Top of Dataset extract
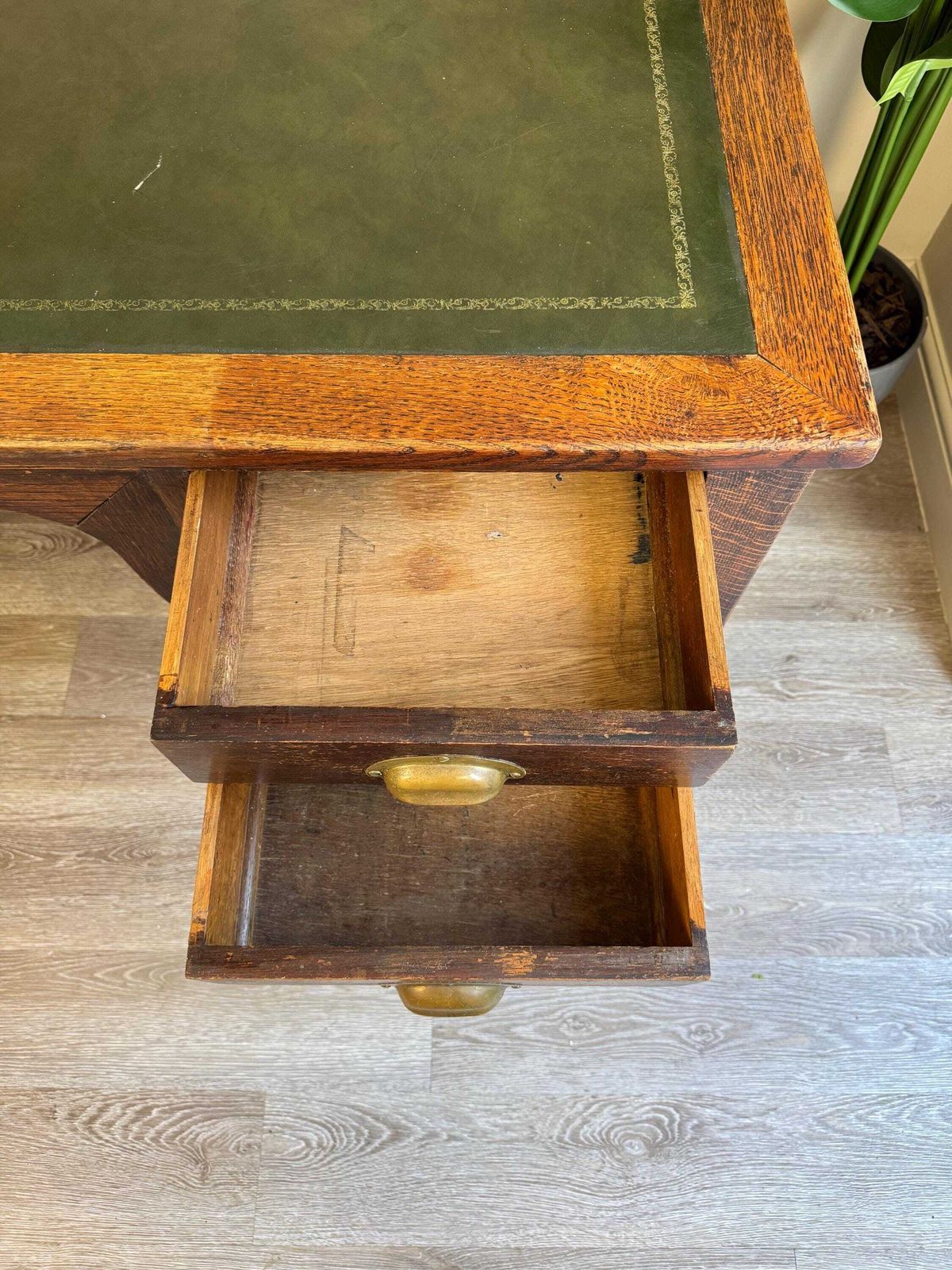 photo vinterior 1936 Vintage Presidential Writing Desk – Solid Oak With Original Leather Top | Office Furniture Executive Desk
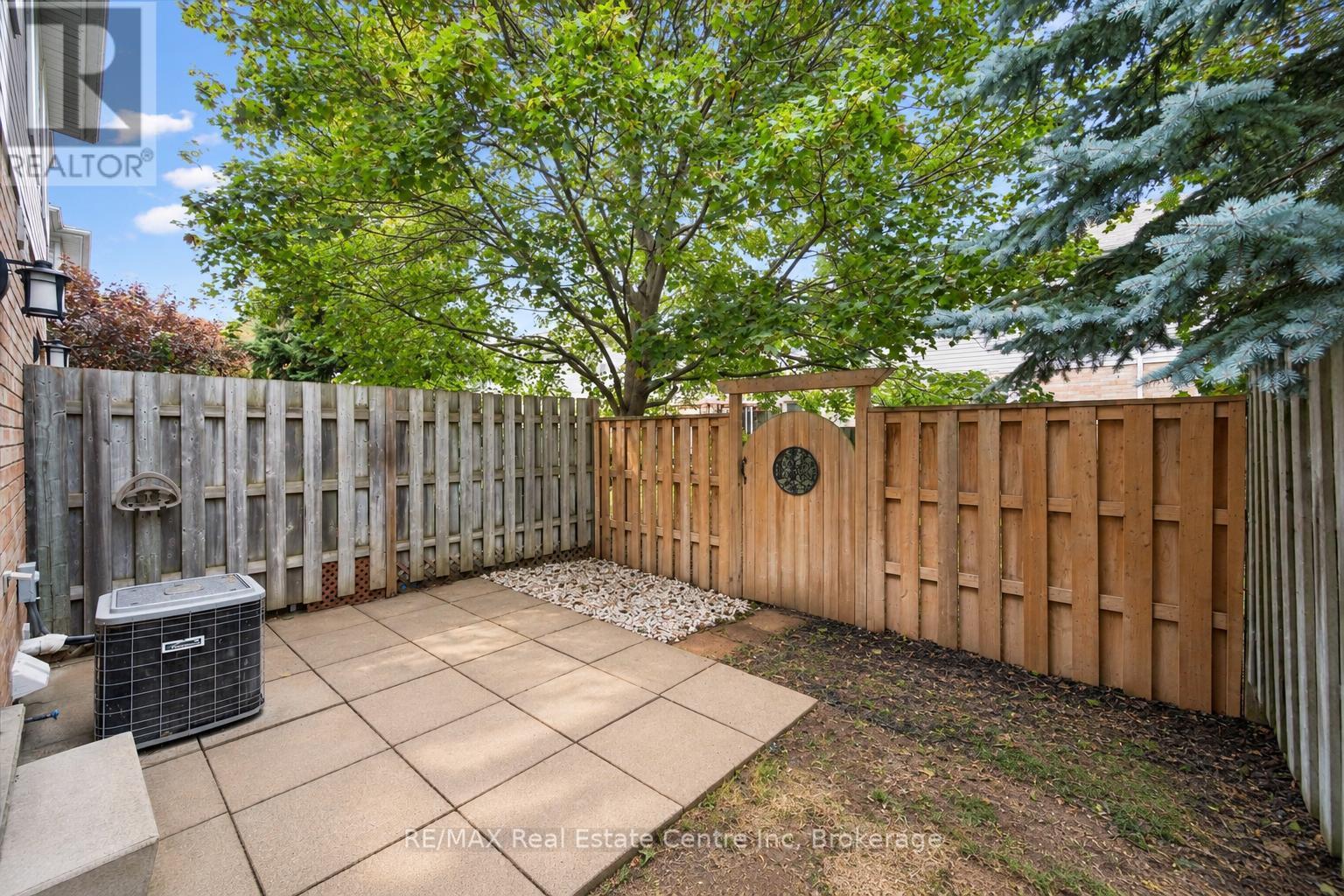 #71 240 LONDON ROAD W - Image 16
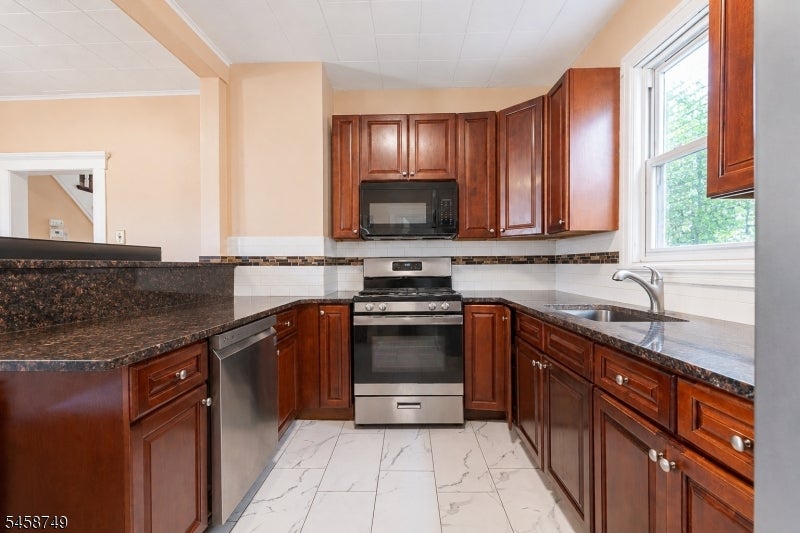 685 Raritan Ave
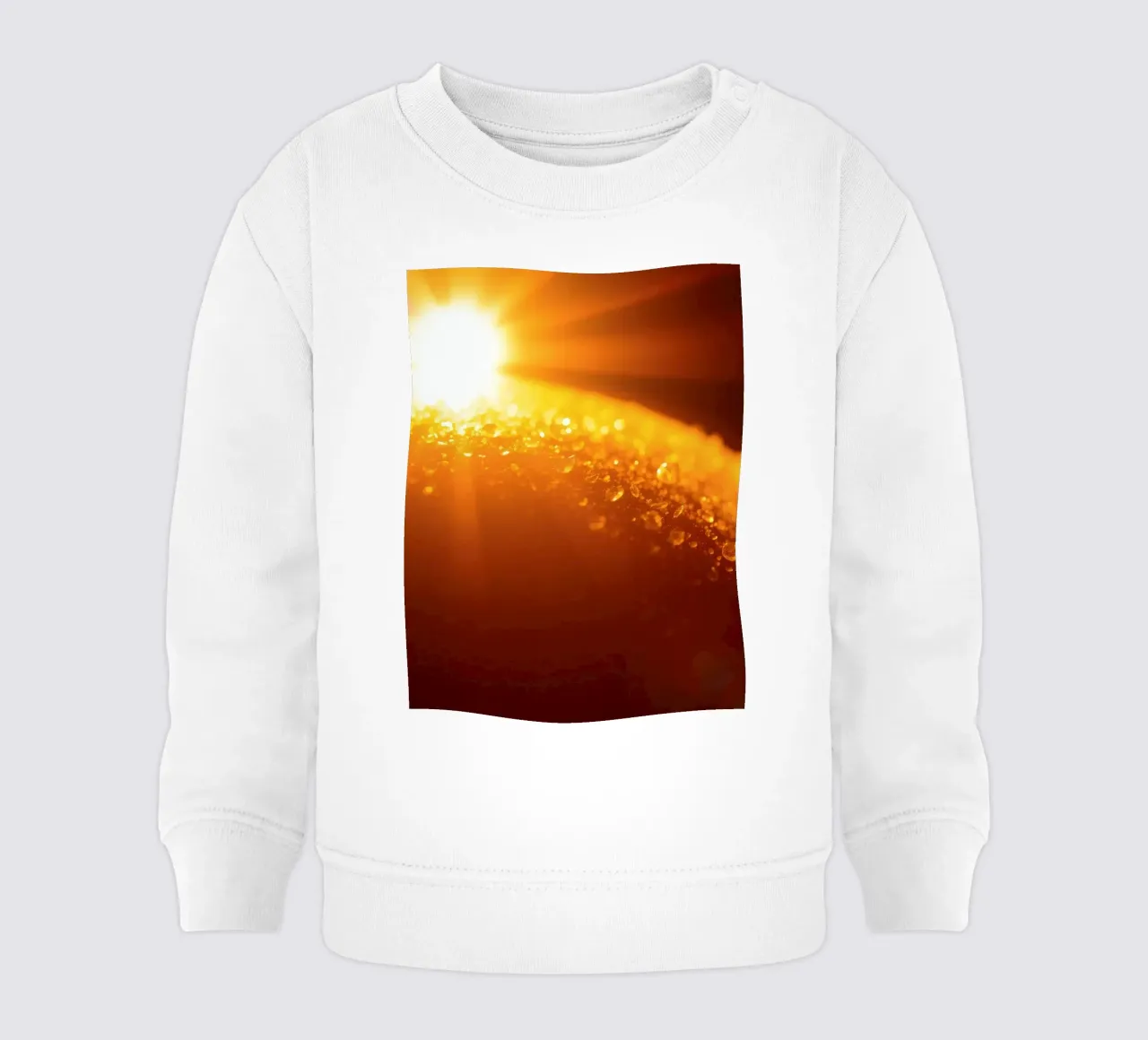 All'alba, la luce del sole brilla su una superficie bagnata dalla rugiada, creando un'atmosfera calda. felpa neonato da DesignDoodle
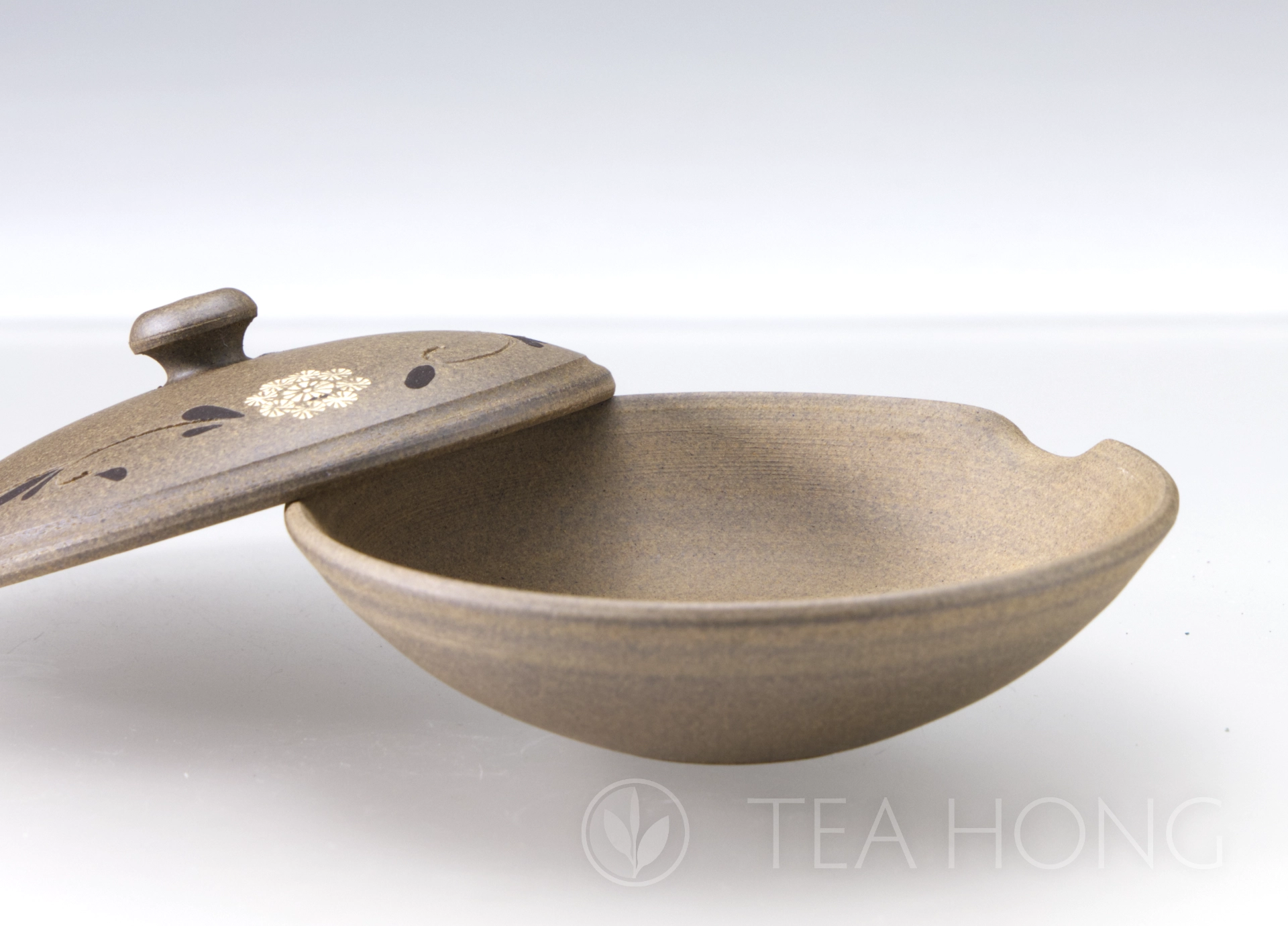 Yutaka Tsuzuki: Skinclay Shiboridashi teapot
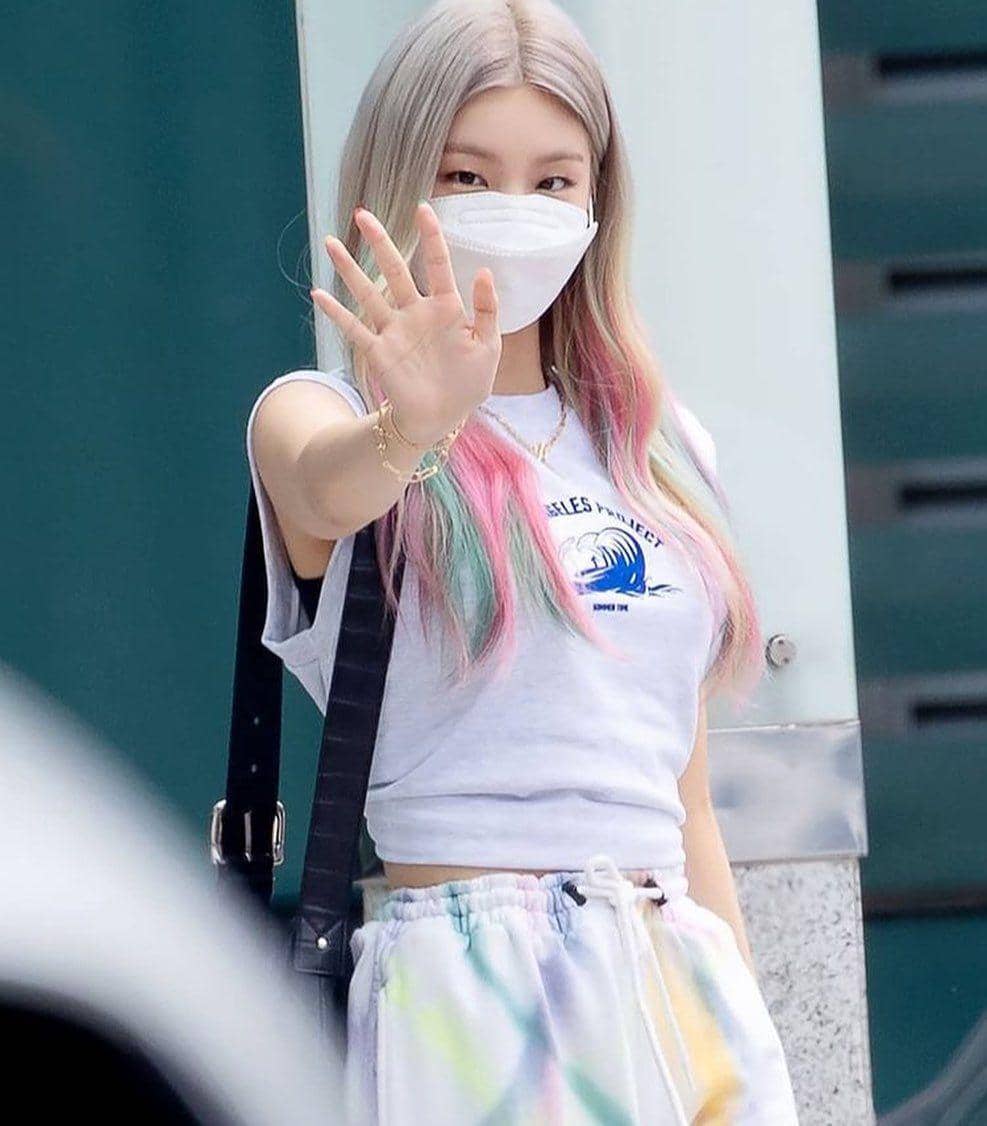 Yeji ITZY (instagram.com/hwangyeji.official)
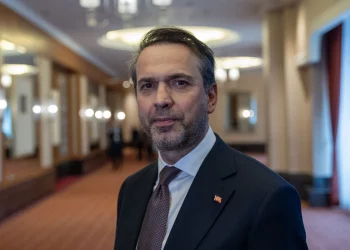 وزير: أمن إمدادات الطاقة في تركيا مستقر رغم التصعيد الإقليمي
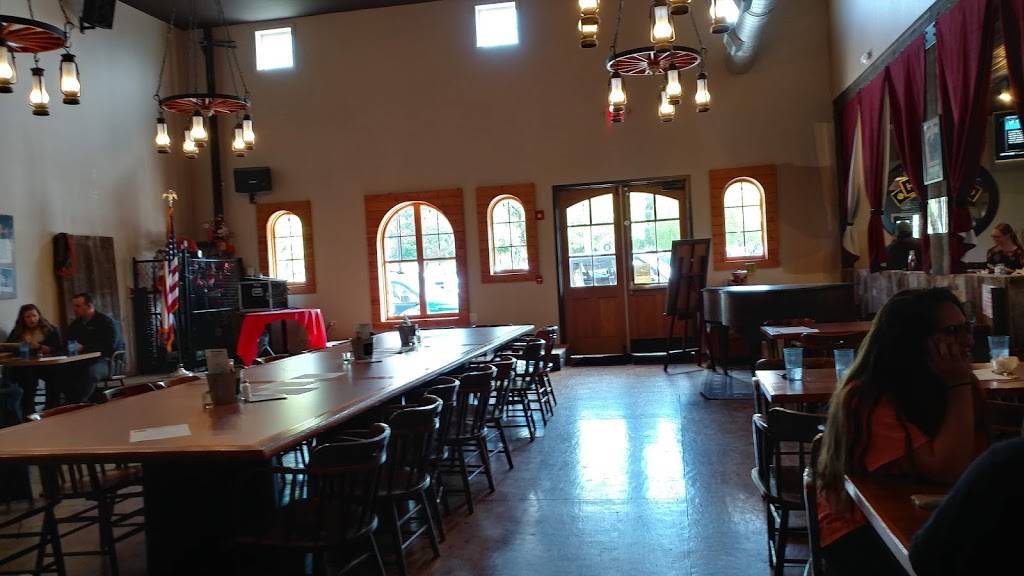 Sportsmans Public House | restaurant | 121 N Main Ave, Ridgefield, WA 98642, USA | 3608873141 OR +1 360-887-3141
Bottom of Dataset extract
### What this task involves
No pictures belong in the output. Restate word for word only the lines from the one containing "وزير: أمن إمدادات" to the end of the entries above.

### Output below
 وزير: أمن إمدادات الطاقة في تركيا مستقر رغم التصعيد الإقليمي
 Sportsmans Public House | restaurant | 121 N Main Ave, Ridgefield, WA 98642, USA | 3608873141 OR +1 360-887-3141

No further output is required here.